She has a crate, I feed her in it but other than that she really doesn't seem to care about it. She was fine in the house from the time I brought her home! Nothing seemed to bother her that way. AC has been both on and off she doesn't seem to care about that either. Things were really going well now I don't have a clue. Right now she doesn't even want me to get close to her. She'll follow me around outside but when I go to but her leash on she takes off. Guess she figures I'm planning to take her inside. She loved my couch from the second she came in the house, that was her spot. I really don't get it.

All I know for sure was she was starved for the first 8 months of her life, and kept in bad conditions.


----------



## Marnie (Oct 11, 2011)

Call the rescue you got her from. They want what is best for the dog. It is possible there is someone from the rescue close to you who could come by and evaluate the problem. I personally would never, never leave a frightened dog outside by herself. I would bring her inside and lock the dog-door. She will calm down inside, there is no need to worry about that. If she was OK a couple days ago, she will be OK again within a few hours of being in the house. Don't leave her outside where she can escape. And do call the rescue. They will help you.


----------



## kane626 (Jul 18, 2012)

Here is another strange thing...there were a couple of times she spooked when I did something and I thought she must have been beat. It took me a couple day to see a pattern but it seems that when I take a shower she seems to think something is wrong with me then or i'm not the same person??? I know sent if everything to a dog but I never heard of anything like that! 

I get up in the morning, she's all over me. We go for our walk and play ect. I take a shower before work and after that she's not to crazy about me. I come home from work and she's all over me. Take a shower and it starts all over. She'll always follow me around, get close enough to touch me and take off. I thought she was getting a little better with that, but I sure don't understand it either.

Other than these two problems she seems great. House broken, walks well on a leash, fun normal dog that like to play with everything. My other GSD sure doesn't scare even though he's more than twice her size. I was planing to start trianing today but now I'm just trying to get her to come inside!


----------



## Lilie (Feb 3, 2010)

I agree with Marnie - make her come in. I wouldn't make a big deal of it once she is in the house.
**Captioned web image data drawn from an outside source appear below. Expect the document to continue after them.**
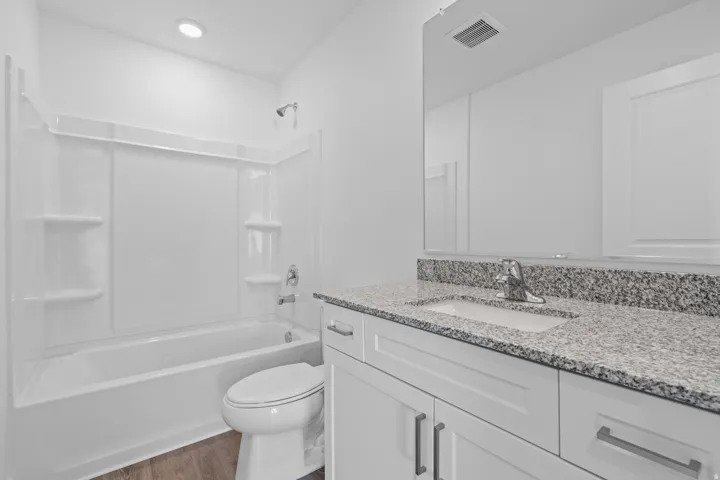 White vanity with chrome hardware, granite-style countertop, and integrated sink
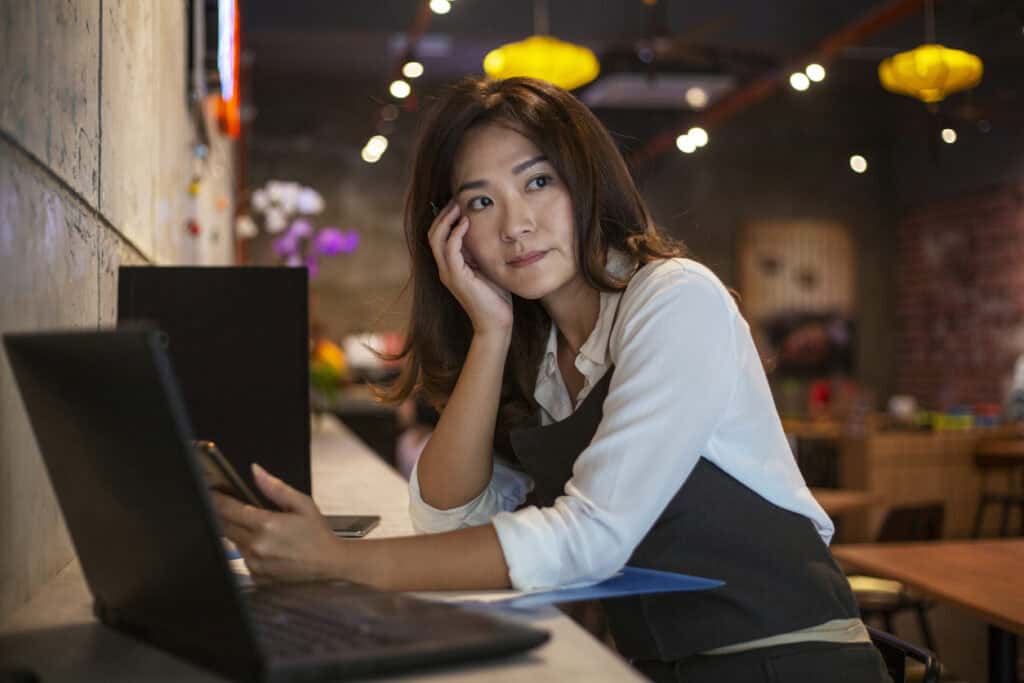 Restaurant owner leans on a counter in front of an open laptop computer looking concerned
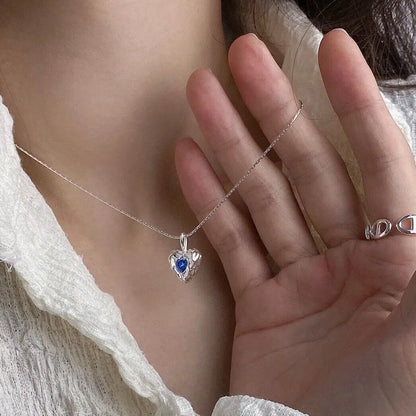 Deepsea Heart Necklace-Sterling Silver Blue Textured Heart Pendant with Center Blue Diamond Simulant，Irregular Design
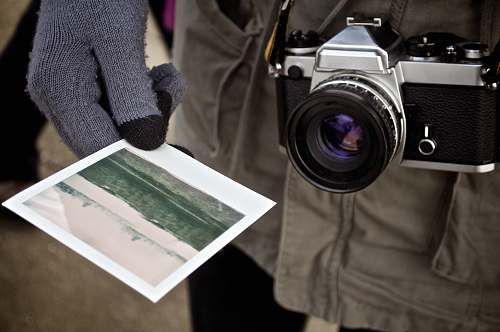 camera person holding photo photography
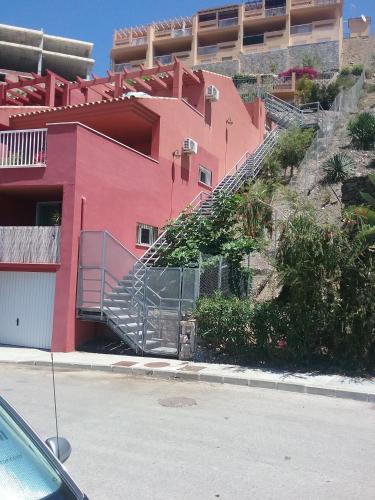a red building with a staircase next to a building at El Peñoncillo in Torrox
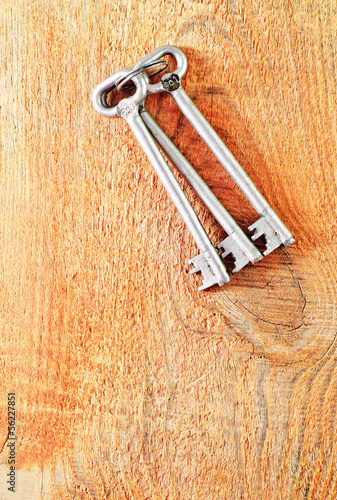 Photo: key on wooden background key on wooden background
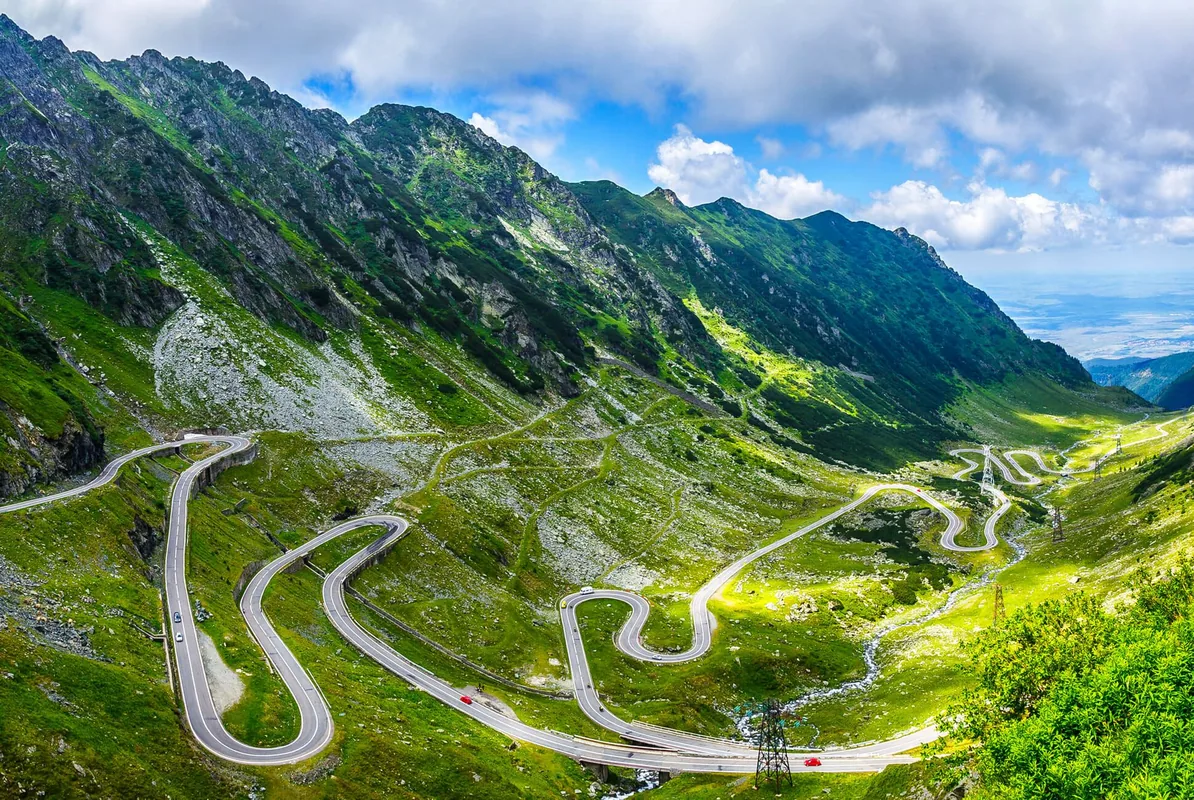 A winding road through an alpine landscape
I'd utilize the older GSD to help her focus on you instead of what ever it is scared her in the house. Example: If your older GSD loves a specific game. Try to engage both dogs in the game, keeping your tone light and playful. Or walk through your house with both dogs singing lightly and playfully..."This is the bedroom! Gooood bedroom! This is the hallway! Gooood hallway!" I've played that game many times treating the dogs when I say 'Goood'! (Treating because they are following me from room to room.)


----------



## kane626 (Jul 18, 2012)

She's not scared outside. She'll lay under the trees, sleep, chew on her ball ect. I can tell she want to come in...comes right up to the door but just will not cross that line.


----------



## kane626 (Jul 18, 2012)

well i picked her up and brought her in. She's on the couch now


----------



## Marnie (Oct 11, 2011)

kane626 said:


> well i picked her up and brought her in. She's on the couch now


Good. Take her out often so she won't have an accident and then bring her back in. She will be fine.


----------



## kane626 (Jul 18, 2012)

it's been two hours now and she's not the least bit interested in getting off the couch. Doesn't really seem scared up there but her feet aren't touching the ground! Can't get her off to play or anything else. I sure wish I could figure this out


----------



## Bear GSD (Apr 12, 2012)

Do you know her background? I know you said that you got her about 7 days ago, but I was thinking that maybe she was a strictly an outside dog and that was why she wasn't coming in. Maybe she was abused inside her last home and she's having bad associations with being inside the house.
I can't make any recommendations, but maybe that's your cause?


----------



## RebelGSD (Mar 20, 2008)

What kind of floors do you have?
You should leave the leash on her and let her drag it around. She will be easier to get hold of.


----------



## kane626 (Jul 18, 2012)

carpet everywhere but the kitchen. She was fine with all of it till last night???


----------



## kane626 (Jul 18, 2012)

my best guess is she slipped on the kitchen floor at some point and she's now scared of any of them inside. I have to pick her up and put her on the floor. Got her to walk arounf a little bit them she just digs in and lays down. Took her outside and she's her normal playfull self but just won't get off the couch inside.


----------



## Katerlena (May 30, 2008)

Glad shes back in the house. I have a rescue we adopted nearly 2 years ago that was badly abused and every so often there will be a trigger as Marnie described and shes behaves strangely or panics but then eventually she gets over it and we are all good. I always try to praise her and reward her for normal behavior and ignore the flukey stuff (although in your case you had to get her back in the house!)


----------



## kane626 (Jul 18, 2012)

I hate having to force her to do anything...i'm just trying to get her to trust me. She seems relaxed laying here on the couch, so it's not that she doesn't to be inside she just doesn't want to walk anywhere inside! When I get her off the couch it straight for the door and when I get her in it straight for the couch.


----------



## Katerlena (May 30, 2008)

Just take things slowly you have only had her a week it takes time for them to trust and bond. For the first 6 months my rescue was really fixated on her crate she'd feel very safe there and she'd get nervous if she saw me in there fixing her bedding. Now she could care less! I noticed my girl always felt safe outside too even to this day if something gets her nervous (e.g. the toenail clippers) she likes to get out and go run in the yard (which is fenced in) and I have to coax her back in (good thing I don't have to pick her up shes too heavy for me!)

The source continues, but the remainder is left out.